Public-facing (dataset page)

  • When I land on a dataset site, I want to see total views so that I can quickly assess its visibility and popularity.
  • When I land on a dataset site, I want to see total downloads so that I can assess actual usage, not just attention.
  • When I compare datasets, I want views and downloads to be clearly distinguished, because downloads are a stronger signal of utility than page views (cf. Piwowar et al., 2007).

Publisher dashboard (internal)

  • When I open my dashboard, I want to see views and downloads over time (e.g. daily, last 30/90 days) so that I can understand trends and the impact of releases or promotion.
  • When I review my datasets, I want lightweight analytics (totals, recent period) without needing to leave Data Hub for an external analytics tool.

Recording views and downloads: options

Option A: Pull from Google Analytics Description Use GA pageview events for “views” and custom GA events for “downloads,” periodically ingesting aggregated counts into your own datastore and caching them for display.

Pros

  • Mature, well-documented, and robust at scale (Google, 2024).
  • Minimal engineering effort to get basic view counts.
  • Built-in bot filtering and sampling controls (with caveats).

Cons

  • GA is page-centric; your “one dataset per site” abstraction is implicit rather than explicit.
  • Download semantics require careful event instrumentation and can drift over time.
  • Privacy, consent, and regulatory overhead (GDPR/consent banners) apply (European Data Protection Board, 2020).
  • GA data latency and sampling can complicate “near-real-time” dashboards.

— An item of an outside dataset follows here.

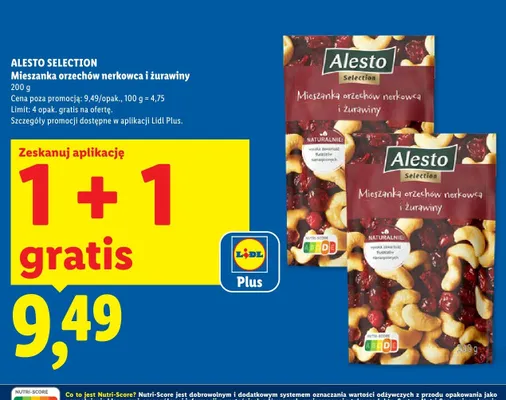 Mieszanka orzechów nerkowca i żurawiny Alesto Selection promocja w Lidl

Option B: First-party logging (own system) Description Instrument your app to increment counters on dataset-site render (views) and on file fetch (downloads), storing aggregates per dataset per day.

Pros

  • Clean semantic alignment: counts are natively “per dataset,” not inferred from pages.
  • Downloads are straightforward and highly reliable when logged at the storage or API layer (e.g. signed URL issuance).
  • Full control over aggregation windows, caching, and privacy posture (no third-party tracking).

Cons

  • Engineering and operational overhead (storage, aggregation jobs, bot mitigation).
  • Requires explicit decisions about what counts as a “view” (unique vs. raw hits).
  • You must implement basic bot filtering yourself (see Bar-Yossef et al., 2008).

Practical synthesis (common pattern)

A hybrid is often optimal:

  • Record downloads first-party (they are high-signal and easy to define).
  • For views, either (a) log first-party lightweight counters, or (b) ingest GA aggregates nightly and cache them.
  • Expose only cached aggregates to the public UI; reserve detailed time-series for the dashboard.

This mirrors practices in scholarly repositories, where download counts are treated as primary impact indicators and views as secondary context (Piwowar et al., 2007; COUNTER Code of Practice, 2018).

References

  • Google. (2024). Google Analytics documentation.
  • European Data Protection Board. (2020). Guidelines on consent under GDPR.
  • Piwowar, H., Day, R., & Fridsma, D. (2007). Sharing detailed research data is associated with increased citation rate. PLOS ONE.
  • COUNTER. (2018). Code of Practice Release 5.
  • Bar-Yossef, Z. et al. (2008). Counting user visits in web analytics. WWW Conference.